─── Entries provided ───

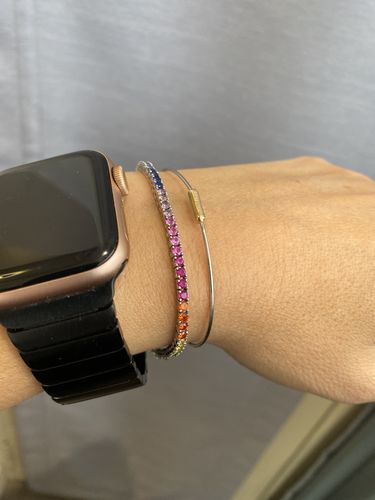 Customer photo review of Bracciale Tennis zirconi Rainbow 2mm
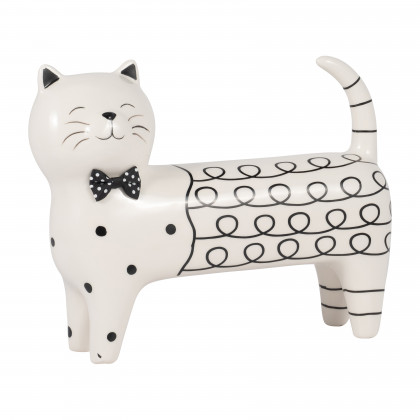 Sagebrook 8" Ceramic Swirls Cat - White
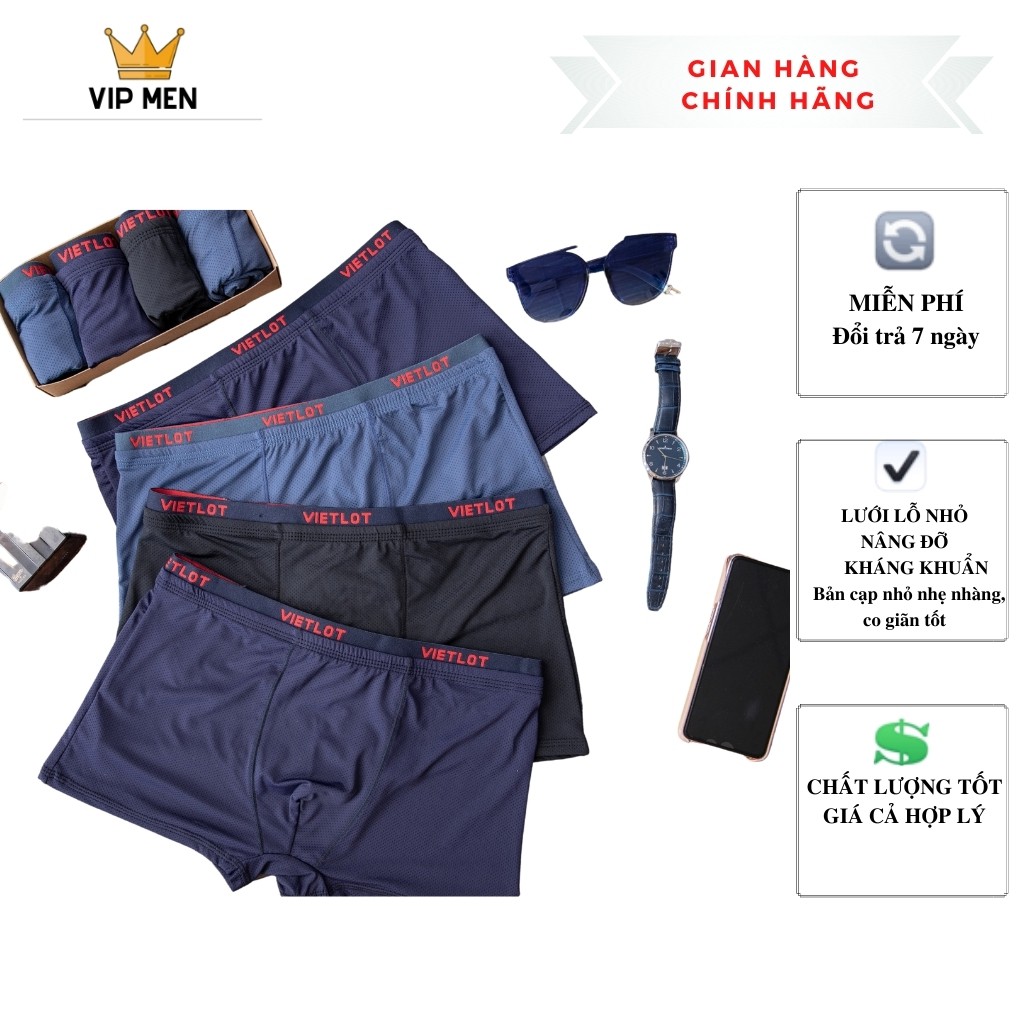 Quần sịp đùi, quần boxer nam thông hơi lưới lỗ nhỏ thoải mái vận động DVL130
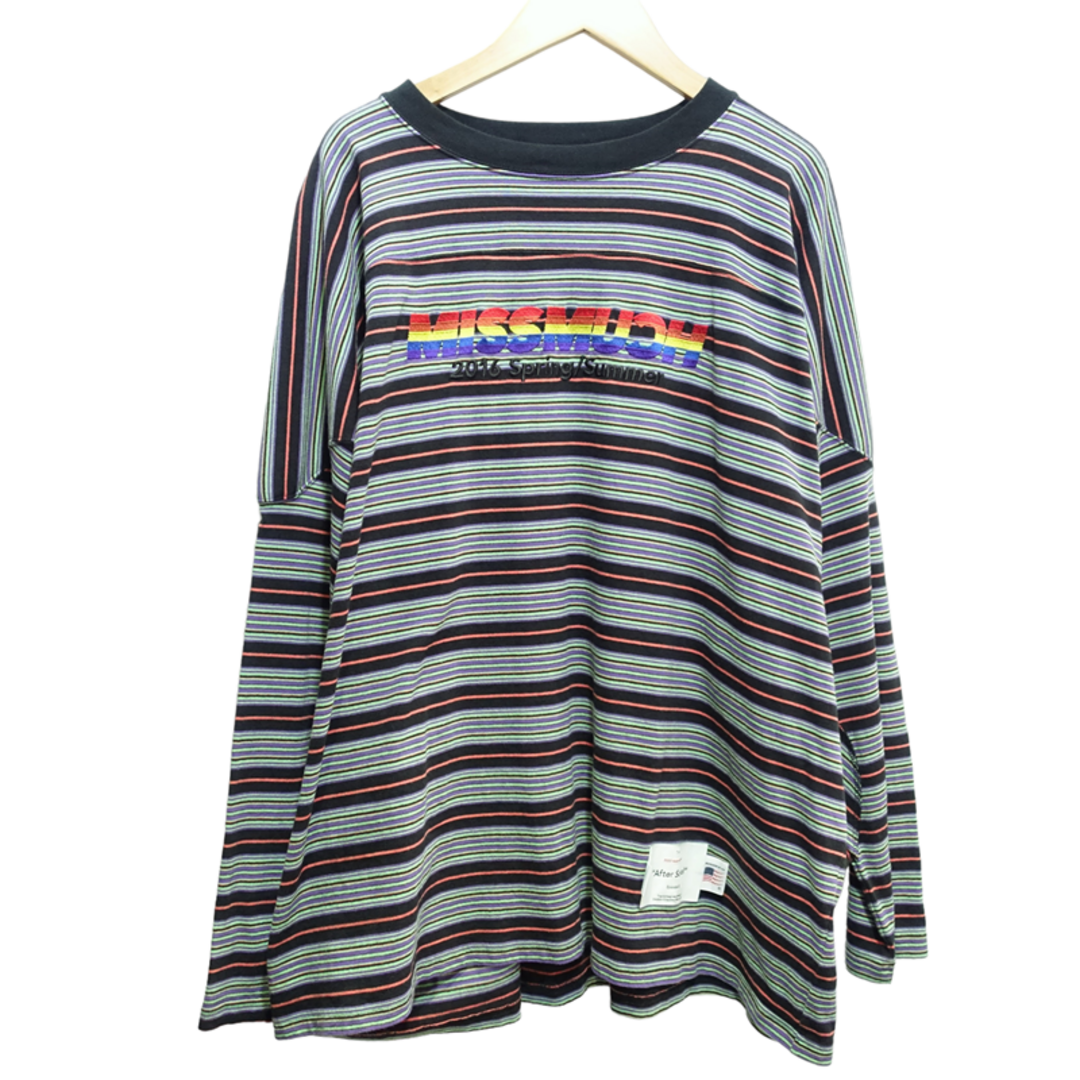 DAIRIKU MISSMUCH Border Football Tee - Tシャツ/カットソー(七分/長袖)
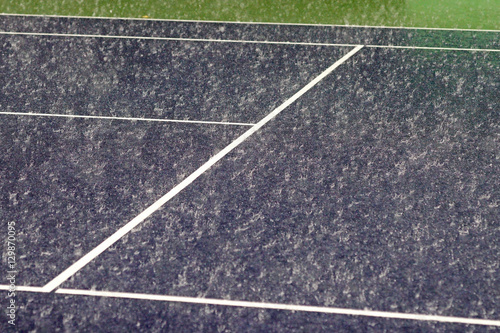 heavy rain on tennis court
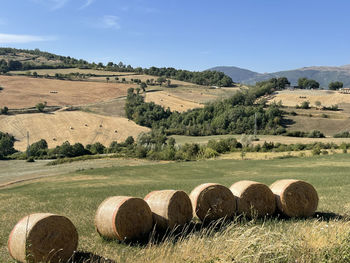 Hay bales on field against sky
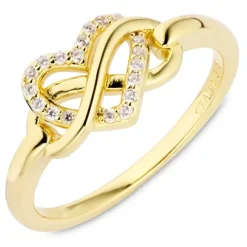 Infinity zirkon ring i forgyldt sølv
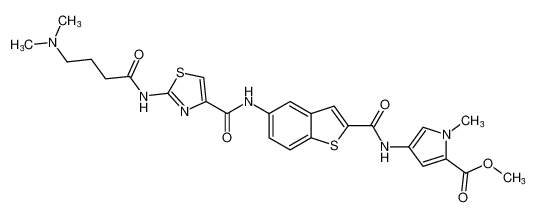 1H-Pyrrole-2-carboxylic acid,4-[[[5-[[[2-[[4-(dimethylamino)-1-oxobutyl]amino]-4-thiazolyl]carbonyl]amino]benzo[b]thien-2-yl]carbonyl]amino]-1-methyl-, methyl ester_292069-82-0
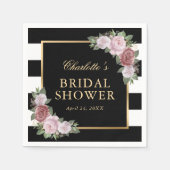 ピンクフローラブライダルシャワー白黒ストライプの スタンダードカクテルナプキン (正面)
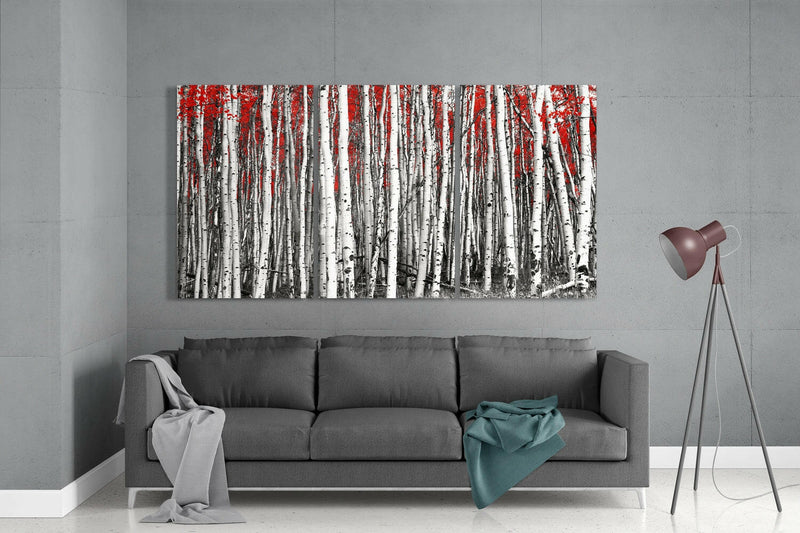 Red Forest Glass Wall Art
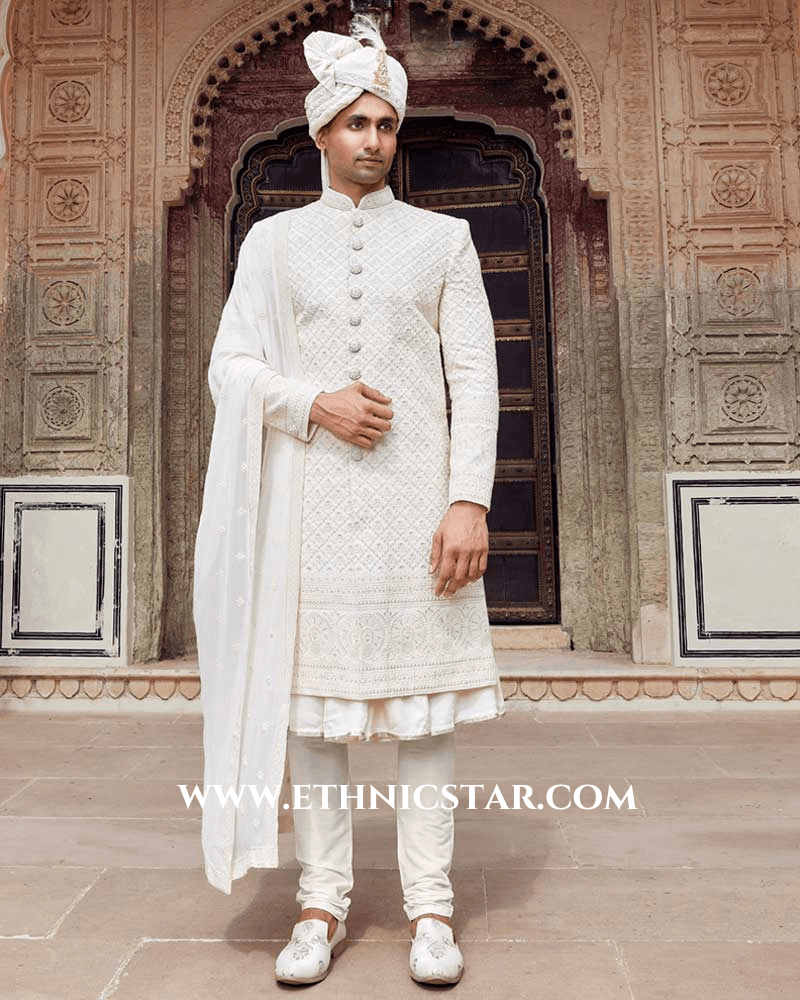 Luxurious Cream Silk Embroidered Sherwani With Dupatta
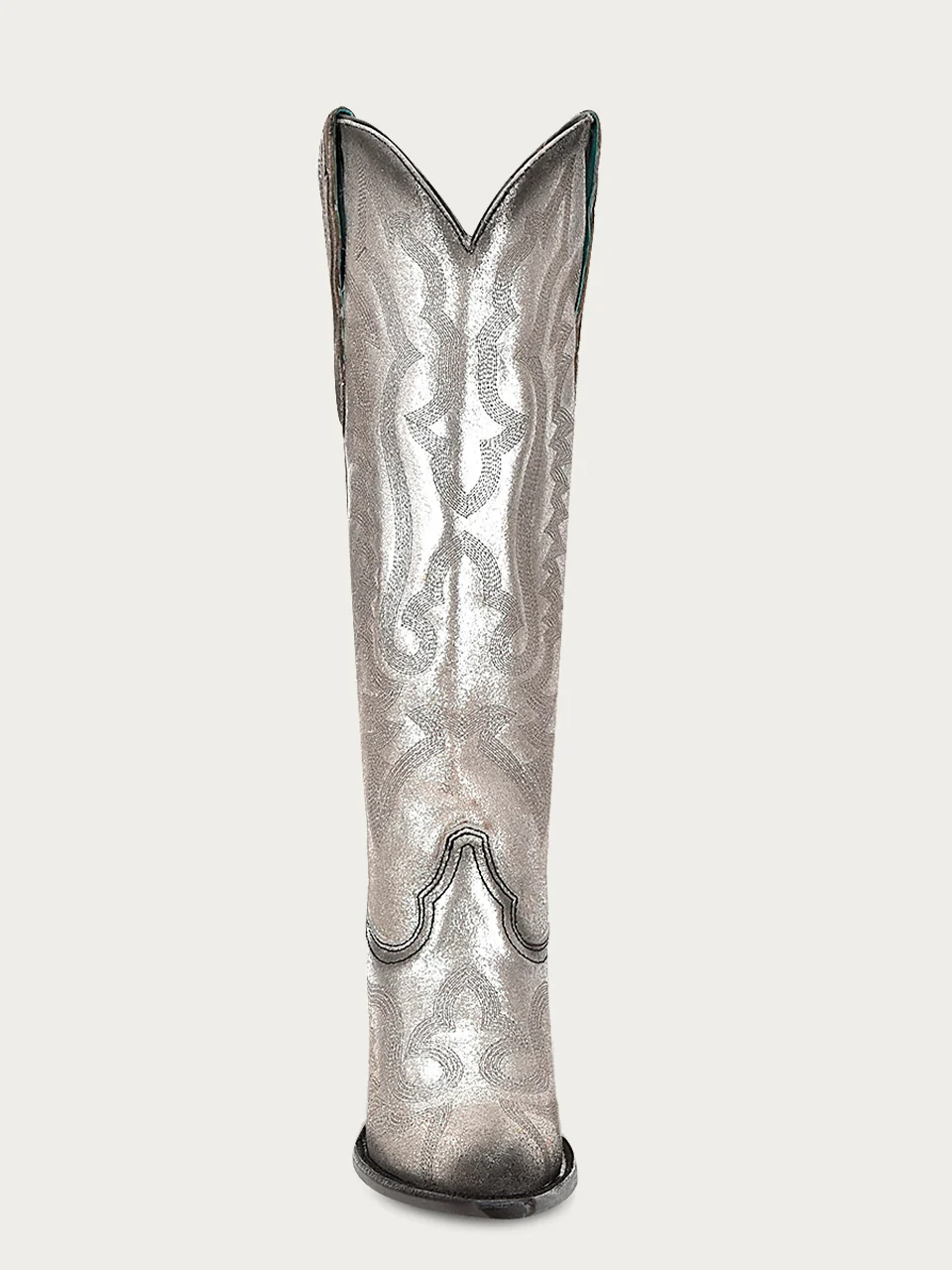 Z5224 - WOMEN'S EMBROIDERY METALIC SILVER TALL TOP POINTED TOE COWBOY BOOT - Image 4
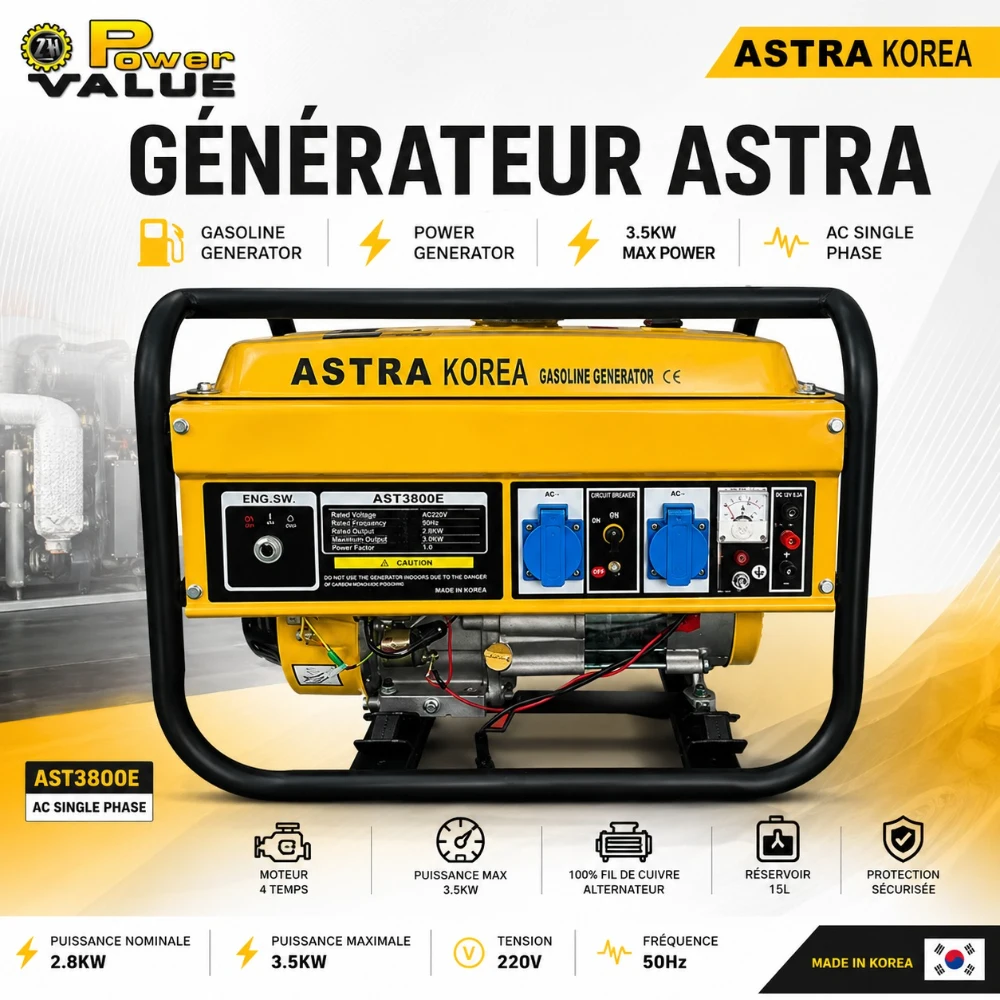 GÉNÉRATEUR À ESSENCE ASTRA 3.5KVA - Image 1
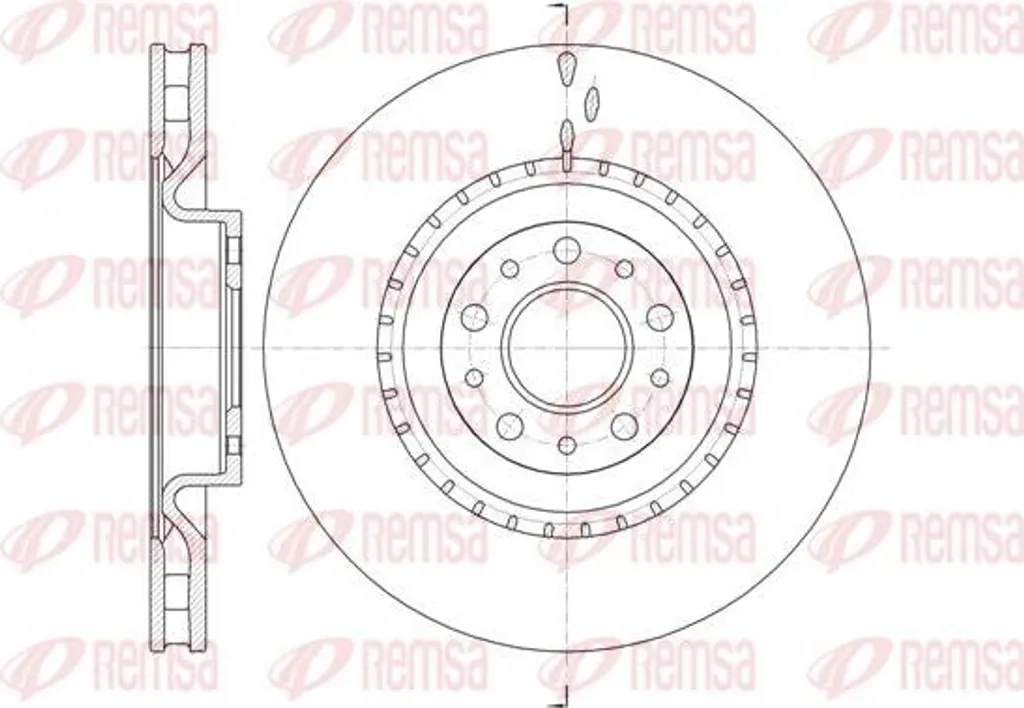 Disque de frein REMSA 61458.10 pour Fiat 500L et Doblo OE 51854567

───

## Task details
Repeat the listing in full and exactly. Do not include any images.

## Final answer
 Customer photo review of Bracciale Tennis zirconi Rainbow 2mm
 Sagebrook 8" Ceramic Swirls Cat - White
 Quần sịp đùi, quần boxer nam thông hơi lưới lỗ nhỏ thoải mái vận động DVL130
 DAIRIKU MISSMUCH Border Football Tee - Tシャツ/カットソー(七分/長袖)
 heavy rain on tennis court
 Hay bales on field against sky
 Infinity zirkon ring i forgyldt sølv
 1H-Pyrrole-2-carboxylic acid,4-[[[5-[[[2-[[4-(dimethylamino)-1-oxobutyl]amino]-4-thiazolyl]carbonyl]amino]benzo[b]thien-2-yl]carbonyl]amino]-1-methyl-, methyl ester_292069-82-0
 ピンクフローラブライダルシャワー白黒ストライプの スタンダードカクテルナプキン (正面)
 Red Forest Glass Wall Art
 Luxurious Cream Silk Embroidered Sherwani With Dupatta
 Z5224 - WOMEN'S EMBROIDERY METALIC SILVER TALL TOP POINTED TOE COWBOY BOOT - Image 4
 GÉNÉRATEUR À ESSENCE ASTRA 3.5KVA - Image 1
 Disque de frein REMSA 61458.10 pour Fiat 500L et Doblo OE 51854567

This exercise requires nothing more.